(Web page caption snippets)
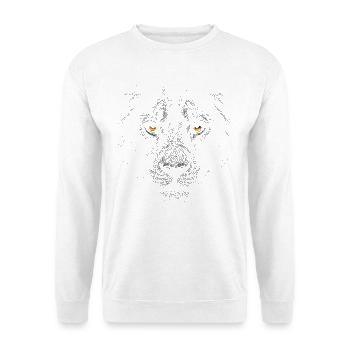 Dark Lion Face - Unisex Pullover - Weiß - Vorne - Alina (178cm) & Michal (187cm)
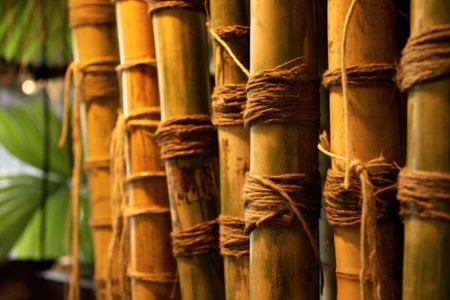close-up of bamboo poles tied together with rope, created with generative aiの素材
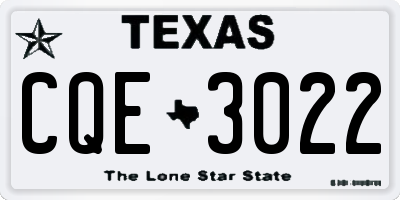 TX license plate CQE3022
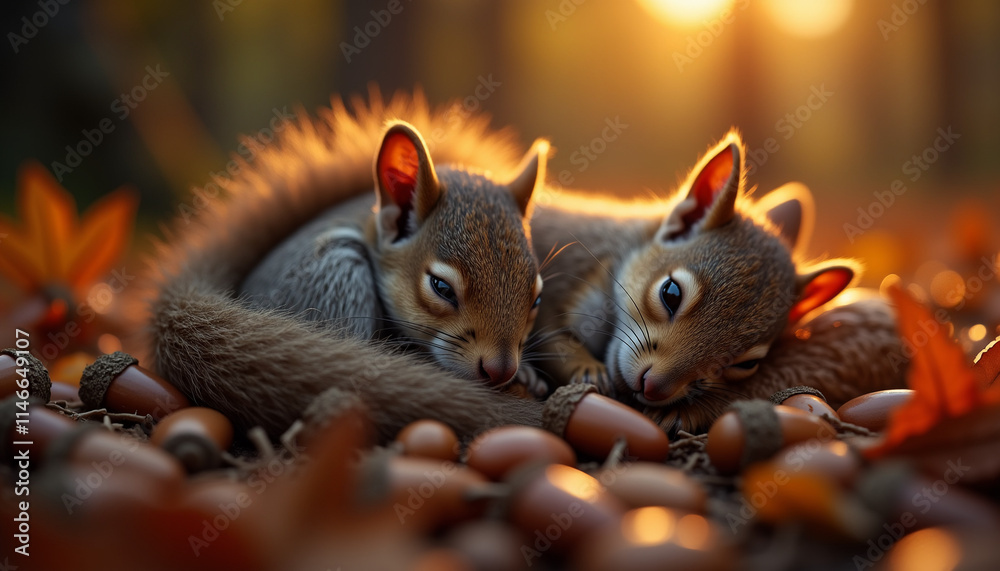 Two squirrels with nuts among autumn leaves Two squirrels with nuts among autumn leaves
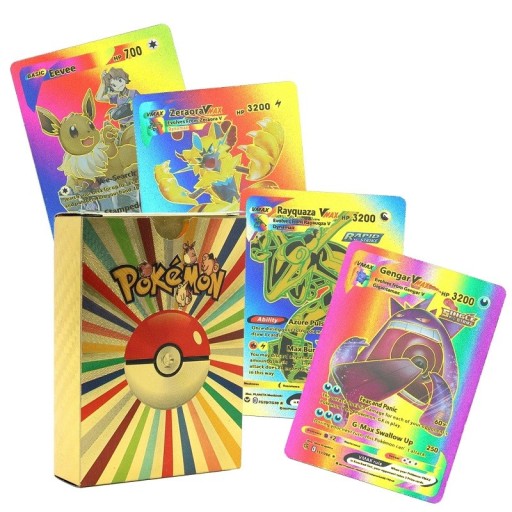 Balíček Pokémon karet VMax Lesklé barevné Pokémon kartičky Sběratelské kartičky Pokémon Sada hracích kartiček, duhová, 55 ks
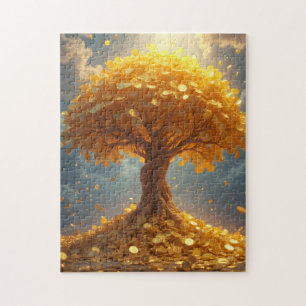 golden money tree gold coins jigsaw puzzle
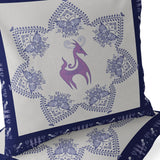 Set of Two 16" X 16" Blue and Green Blown Seam Floral Indoor Outdoor Throw Pillow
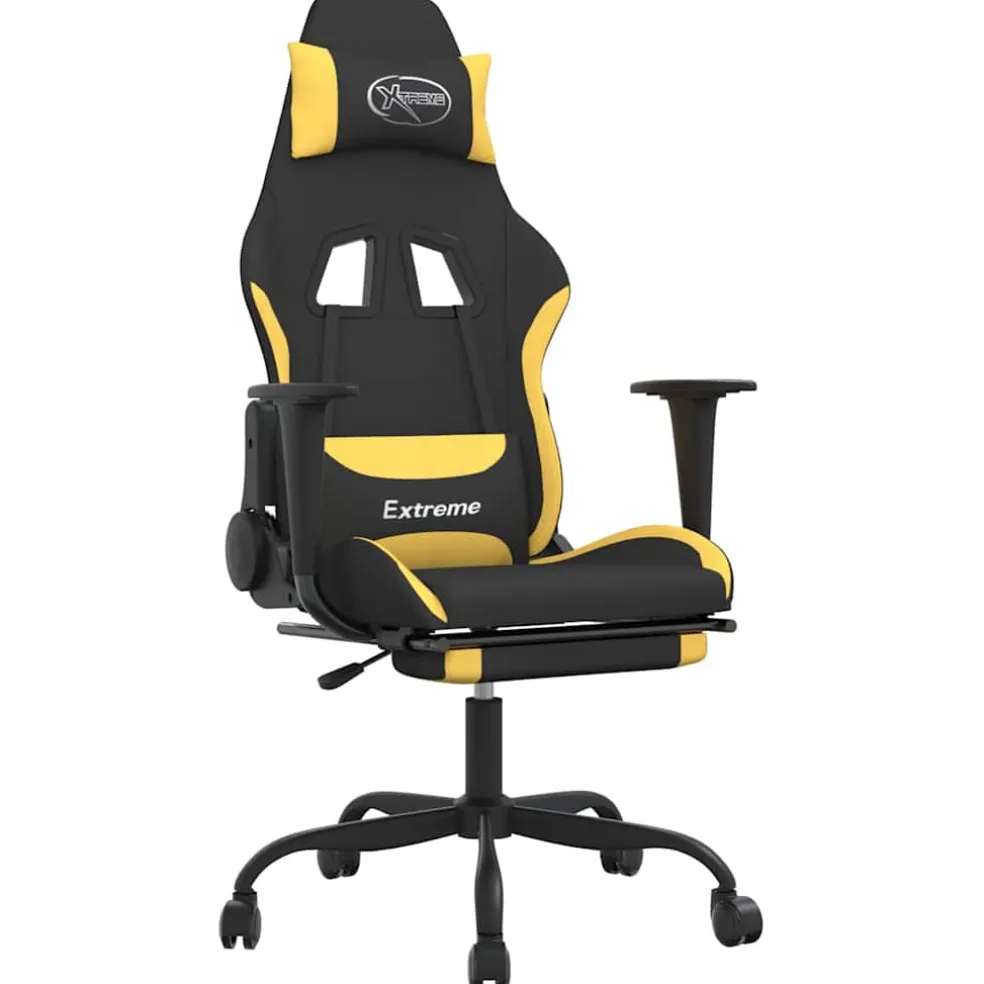 vidaXL Massage gamestoel met voetensteun stof zwart en geel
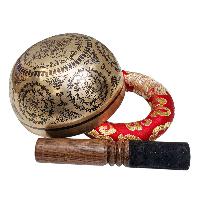 Singing Bowl, Buddhist Hand Beaten, With Fine Etching Carving, [vajrasattva], [select Accessories]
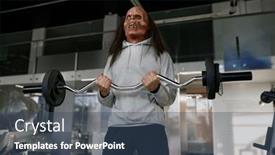  Presentation with barbell - Slides with zombie-man-in-sportswear-training background and a ocean colored foreground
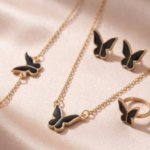 4 Pcs Gold & Black Necklace Earrings Bracelet Ring Set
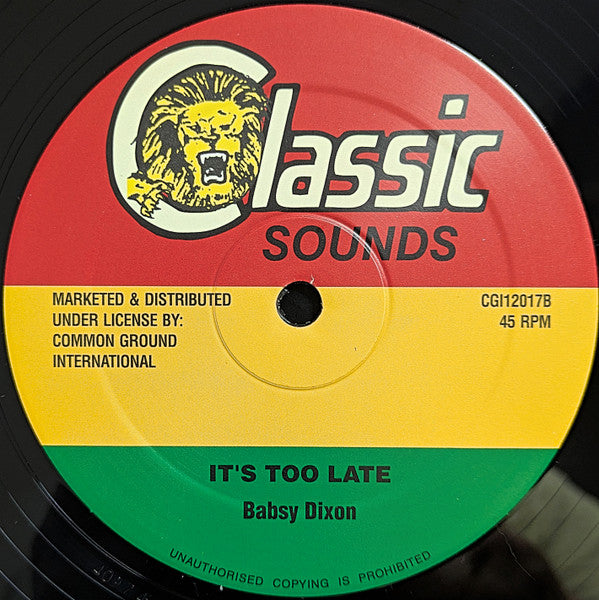 Babsy Dixon : Rumours / It's Too Late (12")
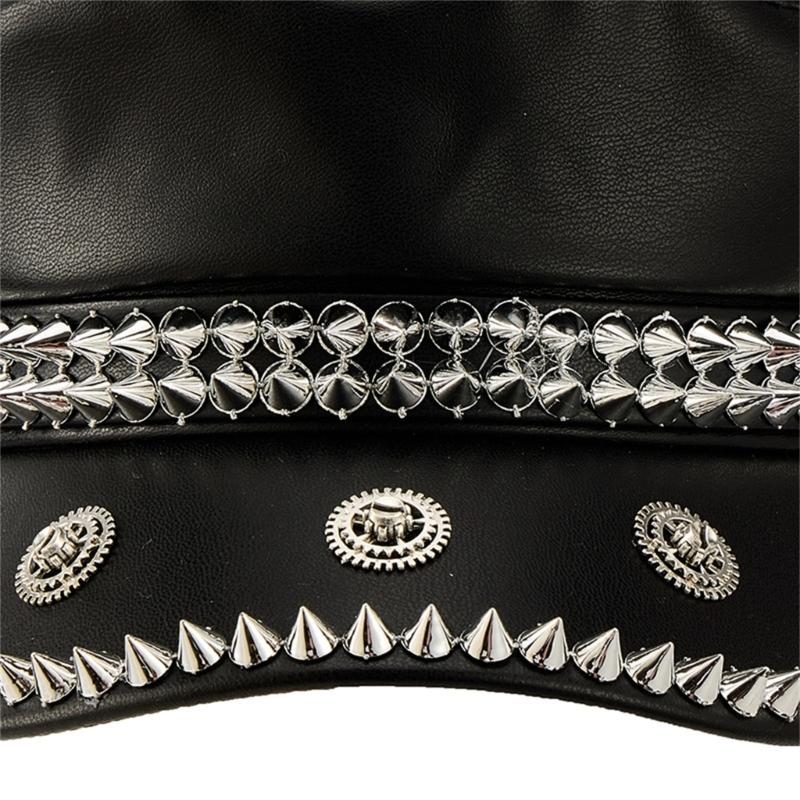 Lightweight Breathable Baseball Hat Durable PU Leather Punk Style Studs For Summer Festivals And Parties
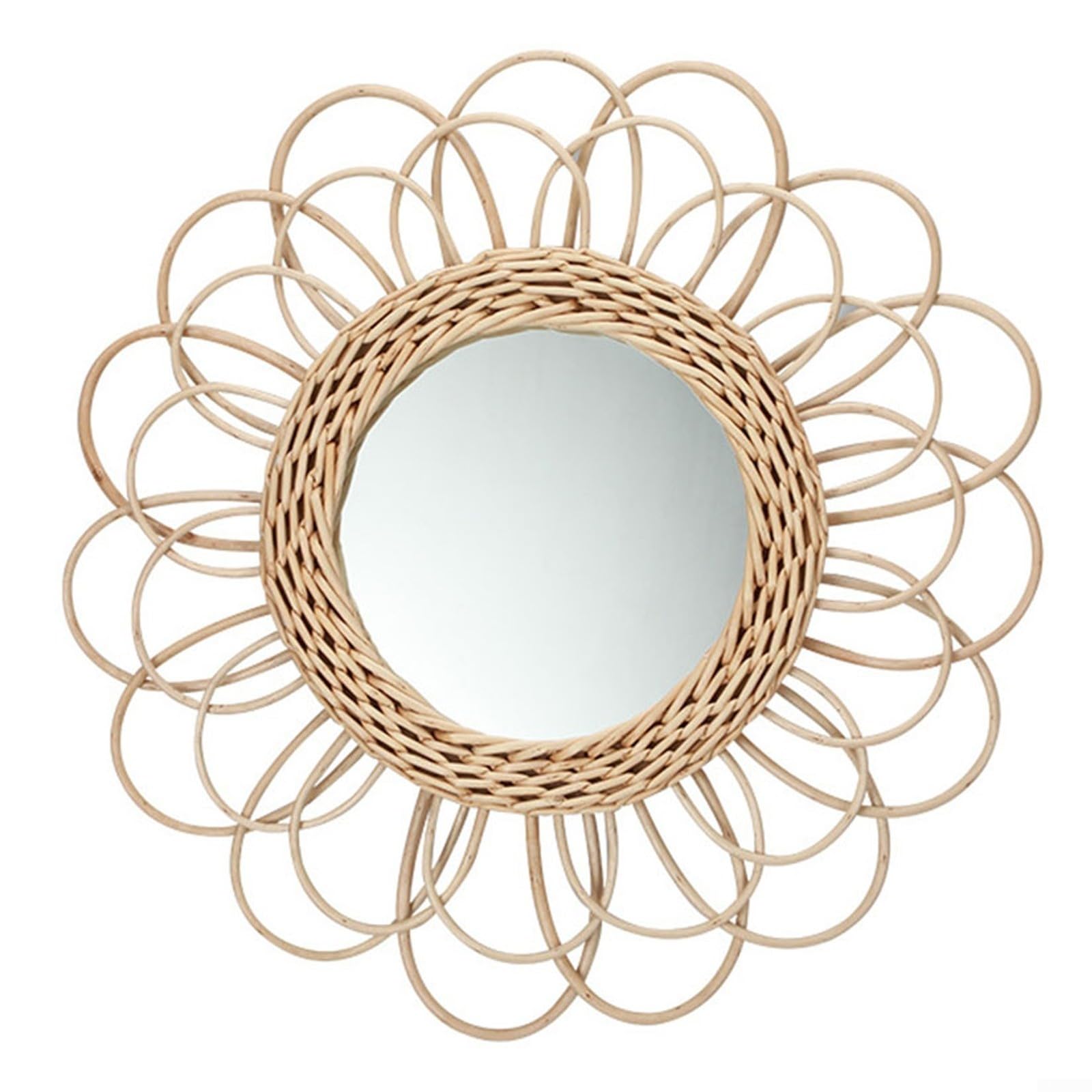ZYNCUE Espejo redondo de ratán para decoración de pared, diseño rústico tejido a mano, espejo de maquillaje redondo para decoración del hogar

### WHAT IS NEEDED
Copy word for word the lines above, starting at the line containing "Singing Bowl, Buddhist" and ending at the line containing "Presentation with barbell", inclusive, with no pictures.

### OUTPUT FOR THIS TASK
 Singing Bowl, Buddhist Hand Beaten, With Fine Etching Carving, [vajrasattva], [select Accessories]
  Presentation with barbell - Slides with zombie-man-in-sportswear-training background and a ocean colored foreground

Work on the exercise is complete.